Apple Launches iPhone X: Face ID, No Home Button, All-Screen Design

Company also unveils iPhone 8

After months of speculation, Apple CEO Tim Cook took the stage inside the new Steve Jobs Theater and officially unveiled the iPhone 8, the next generation of the company’s foundational device, as well as a brand new flagship iPhone X, on Tuesday.

Two versions of the iPhone 8 will be available for pre-order starting on Sept. 15 and available to ship Sept. 22, with prices starting at $699, while the iPhone X costs $999, and will be available for preorder on Oct. 27, shipping Nov. 3.

All the new iPhones will include wireless charging. iPhone 8 will be available in silver, “space gray,” and a new pinkish-gold color. The iPhone X will come in the initial two hues.

“It’s truly amazing how much the iPhone impacts the world each and every day,” said Cook.

Apple VP Phil Schiller walked the crowd through the iPhone X’s new features, including its facial recognition capabilities and lack of ubiquitous home button, which allows for the device’s all-screen design. Users will unlock their phone by swiping from the bottom-up, or just by looking at the screen. “Every time you glance at your iphone X it recognizes your face,” said Schiller.

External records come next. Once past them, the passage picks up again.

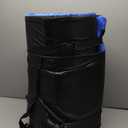 Sleeping Pad,3-inch Thick Memory Foam Camping Mattress,Portable Roll-Up Mat for Car/Tent/Floor/Cot/Travel,Comfortable Pad for Guests Sleepover. Size 72"L x 24"W x 3"Th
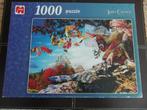 Jumbo puzzel TOM CROSS  "FALL FLUNG"  1000 stukjes., Ophalen of Verzenden, 500 t/m 1500 stukjes, Legpuzzel, Zo goed als nieuw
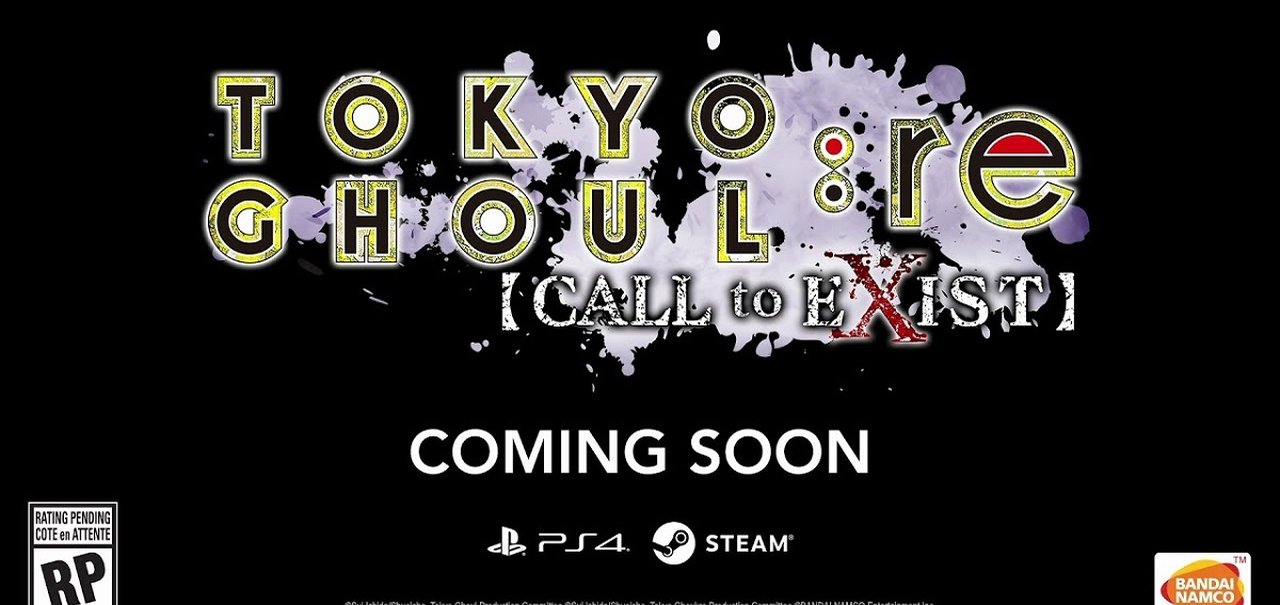 Tokyo Ghoul: re CALL to EXIST: Novos detalhes do game são apresentados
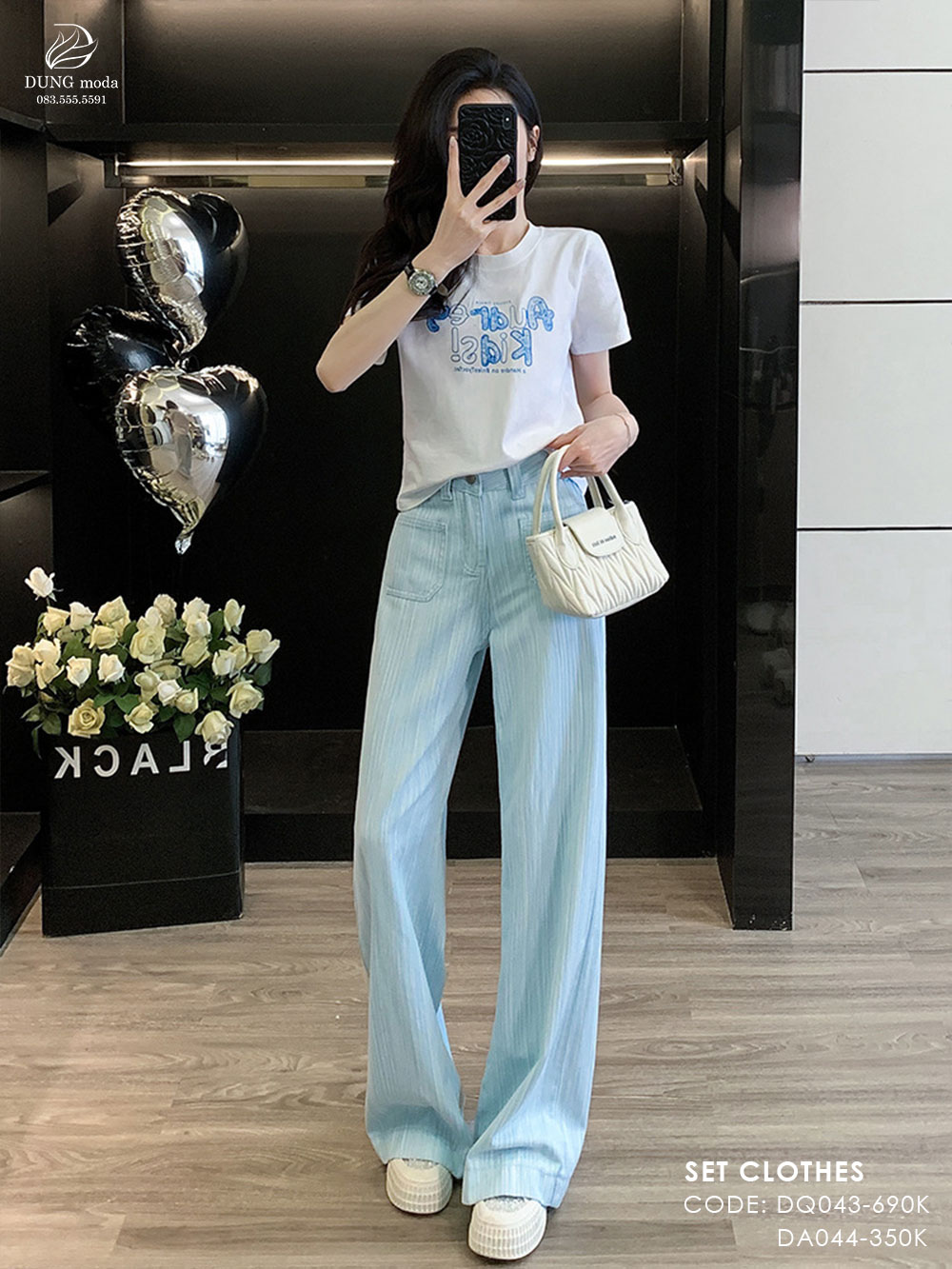 Quần Jean Suông DungModa DQ043 7391A_thumbnail_1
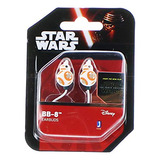 Fones De Ouvido Star Wars Bb-8 Jazwares In-ear Compatíveis C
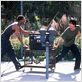Requiem for a Dream : photo Darren Aronofsky, Jared Leto, Marlon Wayans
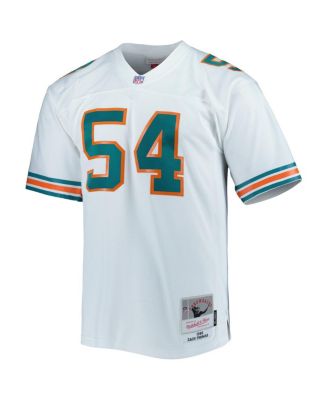 Men's Zach Thomas White Miami Dolphins 1996 Legacy Replica Jersey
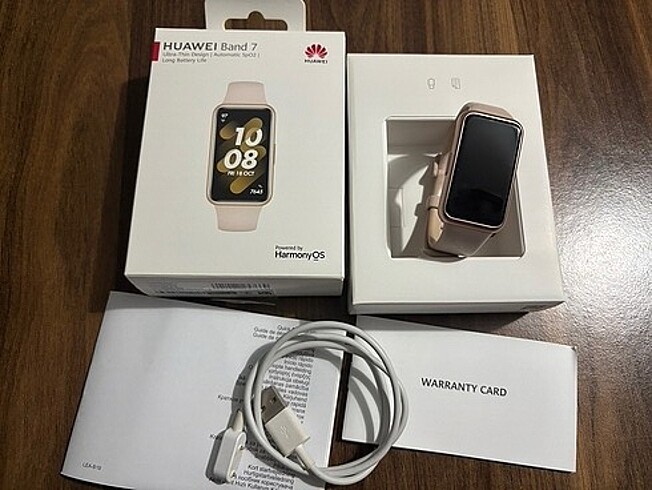 Huawei band 7 akıllı saat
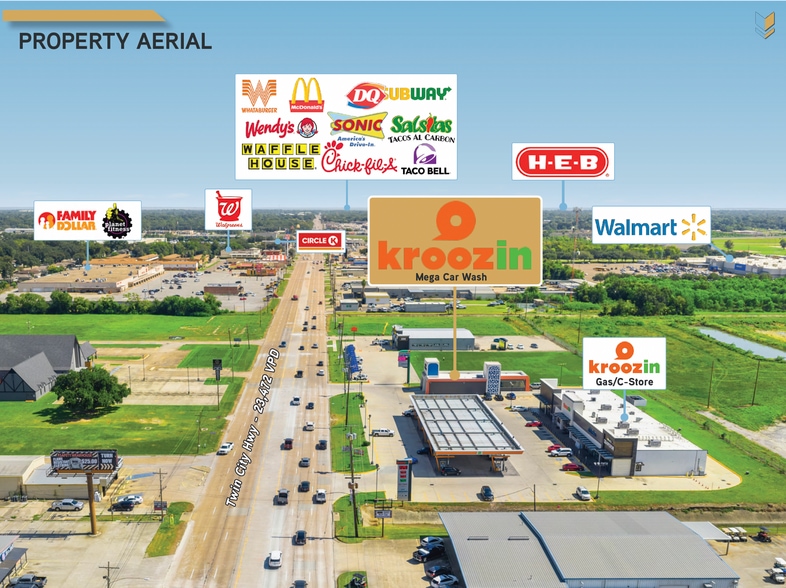 5325 N Twin City Hwy, Port Arthur, TX for sale - Building Photo - Image 2 of 9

The device will use 30,000 “invisible dots” to generate an image of the user, and push it through “neural networks” to create a mathematical model of your face. iPhone X also allows users to make 3-D animated emojis, using their facial expressions. So if you were dying to put a unique face to your poop emoji, you can now do it — as Apple showed us on Tuesday.

Schiller demonstrated several of the iPhone 8’s new features, including its faster processor and improved camera, which has an “all-new censor,” “new color filter,” and “deeper pixels.” He also shared the iPhone 8 will be the most video-friendly smartphone on the market, able to capture 4K footage and pulling in 2 million tiles per second of video.

Schiller then brought out Atli Mar of Directive Games to highlight one of the most highly anticipated aspects of the new iPhone: The ARKit allows developers to create games and apps in augmented reality, making it the first smartphone specifically designed for AR. Mar demoed an AR game, showing off the phone’s processing power.